START Dataset
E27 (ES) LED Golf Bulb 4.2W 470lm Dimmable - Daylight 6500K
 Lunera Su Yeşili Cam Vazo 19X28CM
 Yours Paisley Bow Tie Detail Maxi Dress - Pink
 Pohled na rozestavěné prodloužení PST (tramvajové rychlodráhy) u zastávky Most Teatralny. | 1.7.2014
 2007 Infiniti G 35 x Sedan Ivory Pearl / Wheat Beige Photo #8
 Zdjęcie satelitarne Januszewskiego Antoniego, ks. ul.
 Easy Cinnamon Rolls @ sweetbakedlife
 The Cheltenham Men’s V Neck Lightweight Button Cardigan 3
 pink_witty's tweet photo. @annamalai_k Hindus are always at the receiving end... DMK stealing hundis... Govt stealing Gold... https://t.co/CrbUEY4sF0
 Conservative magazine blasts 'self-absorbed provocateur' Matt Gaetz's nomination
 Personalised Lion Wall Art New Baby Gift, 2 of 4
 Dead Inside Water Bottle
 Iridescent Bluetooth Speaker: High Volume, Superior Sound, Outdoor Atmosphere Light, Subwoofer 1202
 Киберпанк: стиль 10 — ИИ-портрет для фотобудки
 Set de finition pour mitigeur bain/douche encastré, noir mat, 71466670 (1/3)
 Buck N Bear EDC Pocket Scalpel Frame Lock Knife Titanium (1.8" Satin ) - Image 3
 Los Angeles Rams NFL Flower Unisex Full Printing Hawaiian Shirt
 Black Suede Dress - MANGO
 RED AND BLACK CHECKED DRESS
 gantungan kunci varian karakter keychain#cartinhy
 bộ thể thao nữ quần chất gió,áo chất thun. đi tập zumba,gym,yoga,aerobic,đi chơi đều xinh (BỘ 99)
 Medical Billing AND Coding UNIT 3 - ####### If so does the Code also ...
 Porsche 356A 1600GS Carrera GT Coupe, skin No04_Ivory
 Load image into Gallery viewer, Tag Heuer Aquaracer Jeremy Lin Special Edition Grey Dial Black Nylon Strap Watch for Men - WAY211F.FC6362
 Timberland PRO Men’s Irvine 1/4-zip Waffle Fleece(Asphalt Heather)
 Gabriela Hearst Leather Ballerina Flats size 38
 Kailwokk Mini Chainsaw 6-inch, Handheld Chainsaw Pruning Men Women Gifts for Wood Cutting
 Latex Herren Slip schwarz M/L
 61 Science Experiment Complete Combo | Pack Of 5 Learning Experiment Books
END Dataset
Prompt:
In the data above, which lines lie between the line with "Lunera Su Yeşili Cam Vazo 19X28CM" and the line with "Load image into", inclusive? Print those lines exactly and nothing else.

Task result:
 Lunera Su Yeşili Cam Vazo 19X28CM
 Yours Paisley Bow Tie Detail Maxi Dress - Pink
 Pohled na rozestavěné prodloužení PST (tramvajové rychlodráhy) u zastávky Most Teatralny. | 1.7.2014
 2007 Infiniti G 35 x Sedan Ivory Pearl / Wheat Beige Photo #8
 Zdjęcie satelitarne Januszewskiego Antoniego, ks. ul.
 Easy Cinnamon Rolls @ sweetbakedlife
 The Cheltenham Men’s V Neck Lightweight Button Cardigan 3
 pink_witty's tweet photo. @annamalai_k Hindus are always at the receiving end... DMK stealing hundis... Govt stealing Gold... https://t.co/CrbUEY4sF0
 Conservative magazine blasts 'self-absorbed provocateur' Matt Gaetz's nomination
 Personalised Lion Wall Art New Baby Gift, 2 of 4
 Dead Inside Water Bottle
 Iridescent Bluetooth Speaker: High Volume, Superior Sound, Outdoor Atmosphere Light, Subwoofer 1202
 Киберпанк: стиль 10 — ИИ-портрет для фотобудки
 Set de finition pour mitigeur bain/douche encastré, noir mat, 71466670 (1/3)
 Buck N Bear EDC Pocket Scalpel Frame Lock Knife Titanium (1.8" Satin ) - Image 3
 Los Angeles Rams NFL Flower Unisex Full Printing Hawaiian Shirt
 Black Suede Dress - MANGO
 RED AND BLACK CHECKED DRESS
 gantungan kunci varian karakter keychain#cartinhy
 bộ thể thao nữ quần chất gió,áo chất thun. đi tập zumba,gym,yoga,aerobic,đi chơi đều xinh (BỘ 99)
 Medical Billing AND Coding UNIT 3 - ####### If so does the Code also ...
 Porsche 356A 1600GS Carrera GT Coupe, skin No04_Ivory
 Load image into Gallery viewer, Tag Heuer Aquaracer Jeremy Lin Special Edition Grey Dial Black Nylon Strap Watch for Men - WAY211F.FC6362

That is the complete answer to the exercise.